29 May Money and your mental well-being
Whether we like it or not, money plays a crucial role in our psychological well-being. Research has established strong links between money and mental well-being. The reality is, most of us experience money worries. Regardless of whether we have a lot of money or a little, we worry about the future. We often worry about the present. And sometimes, we worry about the past. But what happens when money worries escalate so much that they start impacting your health?
In a study, researchers scanned the brains of people as they played games for money. They found that the images were identical to the brain scan of someone who is high on cocaine. Just as food provides motivation for dogs, money provides it for people. But money is much more powerful than a motivator. Research in the journal Psychological Science found a direct link between money and physical pain. In other words, it hurts physically to be financially insecure. According to Dr Nathan Wei, an expert in pain management, chronic money stress often leads to lower back pain, neck pain and shoulder pain.
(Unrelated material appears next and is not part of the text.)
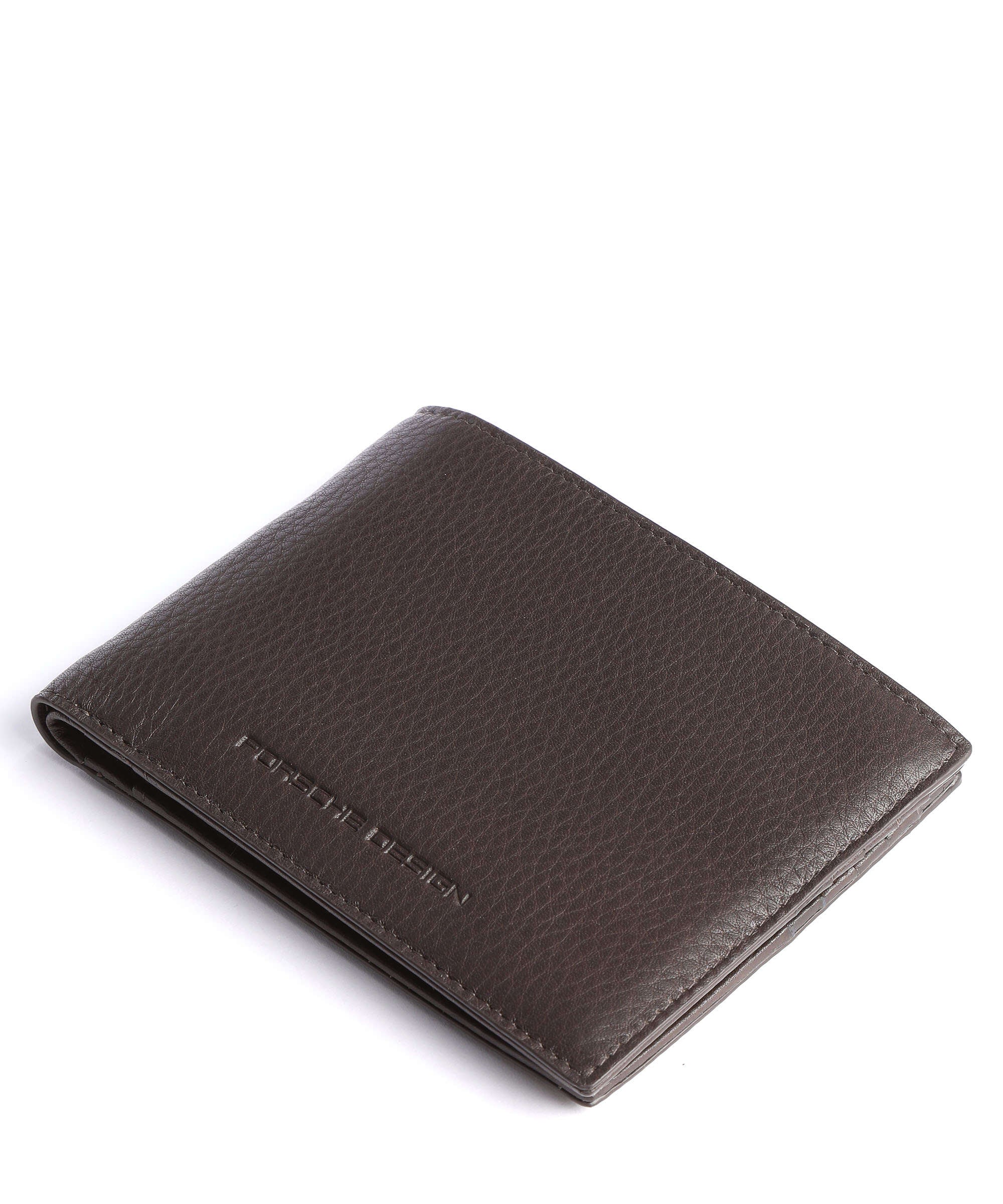 Porsche Design Étui à cartes crédit dark brown - Image 4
While mental illnesses such as depression and anxiety are clinical conditions caused by a chemical imbalance in the body, external factors play a crucial part. Financial challenges, such as money worries, unemployment and abundant debt can attack a person’s self-worth and lead to depression. And as we know, stress and other physical pain can be compounded when high levels of stress continue for prolonged periods of time.
Financial worries also impair our mental cognition. A study by researchers Sendhil Mullainathan, Eldar Shafir and others measured farmers’ mental function a month before their harvests (when they were short of money) and then again, a month after (when they felt flush). As Mullainathan details in The New York Times, the same farmers performed worse before the harvest, when they had less money, than afterwards, when they had more. And not just a little worse; their I.Q. before the harvest was 9-10 points lower. An entire night without sleep has the same detrimental effect.
All this goes to show the link between money and mental well-being. And why we should never allow money worries to compound. It’s often best to speak to someone about it. According to award-winning BBC Radio 4 presenter and Psychology lecturer Claudia Hammond, a better understanding of our relationship with money can help us grasp how it affects our thinking and behaviour.